- THE PROBLEM -
Only the lines below between the ones containing "Piso luminoso y" and "Tingley® Eclipse Overalls, Fluorescent", inclusive, are to be reproduced, each exactly as it stands.

- STORED DATA -
+-------+
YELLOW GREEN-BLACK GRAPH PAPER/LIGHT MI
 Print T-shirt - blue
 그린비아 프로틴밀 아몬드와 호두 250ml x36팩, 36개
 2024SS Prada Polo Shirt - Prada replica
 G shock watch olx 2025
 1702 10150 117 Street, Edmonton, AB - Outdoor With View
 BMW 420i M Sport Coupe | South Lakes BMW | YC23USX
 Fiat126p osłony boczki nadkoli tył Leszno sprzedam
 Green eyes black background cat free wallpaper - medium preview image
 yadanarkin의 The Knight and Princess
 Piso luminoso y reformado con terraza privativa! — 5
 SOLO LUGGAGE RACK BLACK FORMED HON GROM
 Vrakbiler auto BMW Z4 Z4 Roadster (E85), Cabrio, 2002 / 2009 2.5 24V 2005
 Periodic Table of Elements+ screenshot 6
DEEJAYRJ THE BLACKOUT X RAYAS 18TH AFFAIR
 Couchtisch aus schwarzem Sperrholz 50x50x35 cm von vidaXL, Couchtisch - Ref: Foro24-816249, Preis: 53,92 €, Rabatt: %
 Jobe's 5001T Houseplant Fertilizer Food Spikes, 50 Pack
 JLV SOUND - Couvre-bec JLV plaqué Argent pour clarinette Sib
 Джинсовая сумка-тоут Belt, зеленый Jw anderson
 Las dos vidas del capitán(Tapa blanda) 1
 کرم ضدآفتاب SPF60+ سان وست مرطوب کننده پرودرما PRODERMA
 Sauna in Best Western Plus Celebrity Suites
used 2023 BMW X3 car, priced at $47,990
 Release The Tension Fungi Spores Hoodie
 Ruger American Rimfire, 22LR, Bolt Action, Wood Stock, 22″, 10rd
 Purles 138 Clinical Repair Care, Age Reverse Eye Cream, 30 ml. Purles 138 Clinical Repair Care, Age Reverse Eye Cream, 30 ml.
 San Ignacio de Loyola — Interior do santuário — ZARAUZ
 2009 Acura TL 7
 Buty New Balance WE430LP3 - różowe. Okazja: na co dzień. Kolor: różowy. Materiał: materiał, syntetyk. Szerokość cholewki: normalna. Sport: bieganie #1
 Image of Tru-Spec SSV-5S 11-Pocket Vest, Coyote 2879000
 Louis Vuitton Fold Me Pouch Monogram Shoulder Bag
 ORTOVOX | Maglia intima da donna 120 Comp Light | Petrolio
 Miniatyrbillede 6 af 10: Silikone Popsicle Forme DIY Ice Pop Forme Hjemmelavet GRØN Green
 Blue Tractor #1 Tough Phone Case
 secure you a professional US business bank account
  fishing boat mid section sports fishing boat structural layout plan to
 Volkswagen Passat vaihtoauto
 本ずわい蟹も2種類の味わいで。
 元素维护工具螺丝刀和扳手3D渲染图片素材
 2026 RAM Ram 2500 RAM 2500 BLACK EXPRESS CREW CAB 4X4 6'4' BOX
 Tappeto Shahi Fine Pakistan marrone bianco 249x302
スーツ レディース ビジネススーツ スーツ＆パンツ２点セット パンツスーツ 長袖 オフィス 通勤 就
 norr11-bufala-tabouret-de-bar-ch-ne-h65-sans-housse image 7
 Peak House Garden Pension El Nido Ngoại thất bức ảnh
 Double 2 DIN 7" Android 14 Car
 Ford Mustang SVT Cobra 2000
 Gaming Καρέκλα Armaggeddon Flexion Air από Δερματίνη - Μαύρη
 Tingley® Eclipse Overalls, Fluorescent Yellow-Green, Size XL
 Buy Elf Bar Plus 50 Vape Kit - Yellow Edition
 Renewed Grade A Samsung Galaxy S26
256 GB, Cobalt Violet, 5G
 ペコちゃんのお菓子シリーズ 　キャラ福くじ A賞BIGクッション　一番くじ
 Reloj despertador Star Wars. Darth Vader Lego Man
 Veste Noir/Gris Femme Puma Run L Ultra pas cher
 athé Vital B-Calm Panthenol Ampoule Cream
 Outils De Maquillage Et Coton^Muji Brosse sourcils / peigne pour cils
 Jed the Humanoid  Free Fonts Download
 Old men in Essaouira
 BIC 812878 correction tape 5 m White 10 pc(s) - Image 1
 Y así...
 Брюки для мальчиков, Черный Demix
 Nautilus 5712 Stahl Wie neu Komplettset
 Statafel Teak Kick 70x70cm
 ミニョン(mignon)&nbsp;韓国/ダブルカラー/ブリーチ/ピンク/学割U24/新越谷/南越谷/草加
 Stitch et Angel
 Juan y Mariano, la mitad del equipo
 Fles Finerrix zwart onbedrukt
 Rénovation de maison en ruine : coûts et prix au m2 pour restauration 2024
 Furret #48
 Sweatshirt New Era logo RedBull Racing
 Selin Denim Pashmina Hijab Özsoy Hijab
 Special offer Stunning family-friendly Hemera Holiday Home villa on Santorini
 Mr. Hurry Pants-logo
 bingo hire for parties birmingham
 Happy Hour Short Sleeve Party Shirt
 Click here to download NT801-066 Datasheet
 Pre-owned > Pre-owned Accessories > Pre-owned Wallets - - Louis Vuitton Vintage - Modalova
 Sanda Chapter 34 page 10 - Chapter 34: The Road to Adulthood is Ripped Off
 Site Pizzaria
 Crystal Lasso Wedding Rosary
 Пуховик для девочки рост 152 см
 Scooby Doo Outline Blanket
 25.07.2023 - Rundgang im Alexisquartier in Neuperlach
+-------+
- RESULT OF THIS TASK -
 Piso luminoso y reformado con terraza privativa! — 5
 SOLO LUGGAGE RACK BLACK FORMED HON GROM
 Vrakbiler auto BMW Z4 Z4 Roadster (E85), Cabrio, 2002 / 2009 2.5 24V 2005
 Periodic Table of Elements+ screenshot 6
DEEJAYRJ THE BLACKOUT X RAYAS 18TH AFFAIR
 Couchtisch aus schwarzem Sperrholz 50x50x35 cm von vidaXL, Couchtisch - Ref: Foro24-816249, Preis: 53,92 €, Rabatt: %
 Jobe's 5001T Houseplant Fertilizer Food Spikes, 50 Pack
 JLV SOUND - Couvre-bec JLV plaqué Argent pour clarinette Sib
 Джинсовая сумка-тоут Belt, зеленый Jw anderson
 Las dos vidas del capitán(Tapa blanda) 1
 کرم ضدآفتاب SPF60+ سان وست مرطوب کننده پرودرما PRODERMA
 Sauna in Best Western Plus Celebrity Suites
used 2023 BMW X3 car, priced at $47,990
 Release The Tension Fungi Spores Hoodie
 Ruger American Rimfire, 22LR, Bolt Action, Wood Stock, 22″, 10rd
 Purles 138 Clinical Repair Care, Age Reverse Eye Cream, 30 ml. Purles 138 Clinical Repair Care, Age Reverse Eye Cream, 30 ml.
 San Ignacio de Loyola — Interior do santuário — ZARAUZ
 2009 Acura TL 7
 Buty New Balance WE430LP3 - różowe. Okazja: na co dzień. Kolor: różowy. Materiał: materiał, syntetyk. Szerokość cholewki: normalna. Sport: bieganie #1
 Image of Tru-Spec SSV-5S 11-Pocket Vest, Coyote 2879000
 Louis Vuitton Fold Me Pouch Monogram Shoulder Bag
 ORTOVOX | Maglia intima da donna 120 Comp Light | Petrolio
 Miniatyrbillede 6 af 10: Silikone Popsicle Forme DIY Ice Pop Forme Hjemmelavet GRØN Green
 Blue Tractor #1 Tough Phone Case
 secure you a professional US business bank account
  fishing boat mid section sports fishing boat structural layout plan to
 Volkswagen Passat vaihtoauto
 本ずわい蟹も2種類の味わいで。
 元素维护工具螺丝刀和扳手3D渲染图片素材
 2026 RAM Ram 2500 RAM 2500 BLACK EXPRESS CREW CAB 4X4 6'4' BOX
 Tappeto Shahi Fine Pakistan marrone bianco 249x302
スーツ レディース ビジネススーツ スーツ＆パンツ２点セット パンツスーツ 長袖 オフィス 通勤 就
 norr11-bufala-tabouret-de-bar-ch-ne-h65-sans-housse image 7
 Peak House Garden Pension El Nido Ngoại thất bức ảnh
 Double 2 DIN 7" Android 14 Car
 Ford Mustang SVT Cobra 2000
 Gaming Καρέκλα Armaggeddon Flexion Air από Δερματίνη - Μαύρη
 Tingley® Eclipse Overalls, Fluorescent Yellow-Green, Size XL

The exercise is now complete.